Sécurité sociale des travailleurs détachés: jurisprudence
Jurisprudence récente en matière de sécurité sociale des travailleurs détachés : l’arrêt du 12 juin 2012 de la Cour de justice de l’Union européenne (affaire C-612/10, Wawrzyniak)
Un nombre croissant de salariés sont détachés par leur employeur pour travailler temporairement dans un autre Etat de l’Union européenne. Face au refus de certaines administrations de ces Etats d’accueil d’accorder des allocations ou prestations de sécurité sociale aux travailleurs détachés ou à leur famille, ceux-ci ont dû introduire un recours auprès de la Cour de justice de l’Union européenne pour obtenir gain de cause.
C’est le cas de la famille Wawrzyniak, et de l’affaire C-612/10.
1.- La famille Wawrzyniak
Monsieur Wawrzyniak est un ressortissant polonais travaillant et résidant en Pologne avec son épouse et leur fille; ils sont soumis au régime de sécurité sociale polonais.
En 2006, Monsieur Wawrzyniak est envoyé par son employeur en Allemagne pour y travailler comme travailleur détaché pendant 11 mois de l’année, et l’Etat allemand soumet le ménage intégralement à l’impôt sur le revenu pour cette période.
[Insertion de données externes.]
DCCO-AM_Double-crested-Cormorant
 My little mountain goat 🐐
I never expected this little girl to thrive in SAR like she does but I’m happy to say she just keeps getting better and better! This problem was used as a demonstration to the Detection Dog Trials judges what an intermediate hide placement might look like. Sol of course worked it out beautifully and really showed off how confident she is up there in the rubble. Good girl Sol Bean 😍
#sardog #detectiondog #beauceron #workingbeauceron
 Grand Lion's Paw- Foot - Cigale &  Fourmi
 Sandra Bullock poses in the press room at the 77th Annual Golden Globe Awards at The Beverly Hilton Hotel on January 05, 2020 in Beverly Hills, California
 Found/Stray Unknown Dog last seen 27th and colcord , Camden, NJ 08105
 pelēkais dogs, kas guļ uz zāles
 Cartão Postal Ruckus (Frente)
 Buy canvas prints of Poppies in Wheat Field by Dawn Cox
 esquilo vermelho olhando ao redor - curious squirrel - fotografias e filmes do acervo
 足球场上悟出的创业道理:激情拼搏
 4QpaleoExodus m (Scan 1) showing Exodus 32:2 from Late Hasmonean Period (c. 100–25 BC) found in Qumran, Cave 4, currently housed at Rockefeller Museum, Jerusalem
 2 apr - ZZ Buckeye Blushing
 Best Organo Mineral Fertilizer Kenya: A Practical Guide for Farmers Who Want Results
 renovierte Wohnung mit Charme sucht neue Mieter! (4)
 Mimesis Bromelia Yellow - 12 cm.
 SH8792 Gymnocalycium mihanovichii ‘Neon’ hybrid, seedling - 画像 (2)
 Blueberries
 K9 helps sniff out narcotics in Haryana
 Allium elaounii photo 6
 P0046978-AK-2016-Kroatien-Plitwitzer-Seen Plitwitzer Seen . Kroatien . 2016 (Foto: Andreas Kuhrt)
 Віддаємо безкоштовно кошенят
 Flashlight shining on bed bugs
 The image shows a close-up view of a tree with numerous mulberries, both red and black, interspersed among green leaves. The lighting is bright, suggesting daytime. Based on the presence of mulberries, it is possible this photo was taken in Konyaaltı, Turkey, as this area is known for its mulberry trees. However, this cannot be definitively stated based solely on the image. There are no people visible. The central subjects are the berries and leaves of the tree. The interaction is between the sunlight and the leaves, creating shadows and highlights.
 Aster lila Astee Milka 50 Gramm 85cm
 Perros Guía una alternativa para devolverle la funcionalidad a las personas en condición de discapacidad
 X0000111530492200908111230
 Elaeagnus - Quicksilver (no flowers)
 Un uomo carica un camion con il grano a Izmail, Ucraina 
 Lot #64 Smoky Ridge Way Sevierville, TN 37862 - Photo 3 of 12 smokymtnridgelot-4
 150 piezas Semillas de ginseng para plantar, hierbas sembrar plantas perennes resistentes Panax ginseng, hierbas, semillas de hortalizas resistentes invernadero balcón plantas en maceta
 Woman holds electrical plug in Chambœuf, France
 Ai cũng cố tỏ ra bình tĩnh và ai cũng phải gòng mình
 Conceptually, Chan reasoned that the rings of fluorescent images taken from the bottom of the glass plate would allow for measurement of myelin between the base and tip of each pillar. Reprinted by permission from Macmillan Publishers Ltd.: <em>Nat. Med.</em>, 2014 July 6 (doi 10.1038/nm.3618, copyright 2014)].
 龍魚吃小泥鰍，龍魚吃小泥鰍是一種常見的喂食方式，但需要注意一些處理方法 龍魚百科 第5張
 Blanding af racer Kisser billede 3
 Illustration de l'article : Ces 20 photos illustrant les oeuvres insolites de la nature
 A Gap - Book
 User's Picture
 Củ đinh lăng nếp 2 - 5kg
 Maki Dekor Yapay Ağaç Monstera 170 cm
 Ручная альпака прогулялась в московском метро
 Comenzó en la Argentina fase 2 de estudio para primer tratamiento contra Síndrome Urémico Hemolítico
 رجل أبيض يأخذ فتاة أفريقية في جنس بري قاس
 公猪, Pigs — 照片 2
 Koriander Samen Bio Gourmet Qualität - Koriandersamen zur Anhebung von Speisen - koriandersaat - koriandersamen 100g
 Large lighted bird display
Se basant sur une disposition du droit allemand, Monsieur Wawrzyniak réclame à l’Etat allemand une allocation familiale pour sa fille, pour la période pendant laquelle il était détaché en Allemagne, alors que son épouse et sa fille, restées en Pologne, percevaient déjà une allocation similaire (quoique d’un montant nettement inférieur) de la part de l’Etat polonais pour la même période.
2.- L’Etat allemand
L’Etat allemand refuse d’octroyer à Monsieur Wawrzyniak l’allocation familiale réclamée et fait valoir les arguments suivants :
- La famille de Monsieur Wawrzyniak réside habituellement en Pologne;
- La fille de Monsieur Wawrzyniak, pour laquelle l’allocation familiale est demandée, a toujours résidé en Pologne, y compris pendant la période de détachement de son père;
- Selon les règles applicables au sein de l’Union européenne en matière de coordination des systèmes de sécurité sociale, les travailleurs détachés doivent être soumis à la législation d’un seul Etat, celui de leur lieu de travail d’origine (la Pologne, dans cette affaire). Ces travailleurs ne peuvent donc pas choisir d’être soumis à la sécurité sociale de l’Etat sur le territoire duquel ils sont temporairement détachés (partant, dans cette affaire, l’Allemagne);
- Le détachement temporaire de Monsieur Wawrzyniak en Allemagne n’a entraîné pour lui aucun désavantage sur le plan juridique, étant donné qu’il est resté soumis à la sécurité sociale polonaise pendant son détachement;
- La famille de Monsieur Wawrzyniak a perçu une allocation familiale similaire de la part de l’Etat polonais pour la même période et pour le même enfant, allocation qui n’a été ni retirée, ni réduite par l’Etat polonais pendant la période de détachement en Allemagne;
- Selon les dispositions du droit allemand applicables à l’allocation familiale réclamée, l’octroi d’une allocation similaire dans un autre Etat (la Pologne, en l’espèce) exclut tout droit à percevoir l’allocation familiale allemande;
- Comment résoudre le cumul des droits dont bénéficierait Monsieur Wawrzyniak si les deux allocations (allemande et polonaise) lui étaient accordées ?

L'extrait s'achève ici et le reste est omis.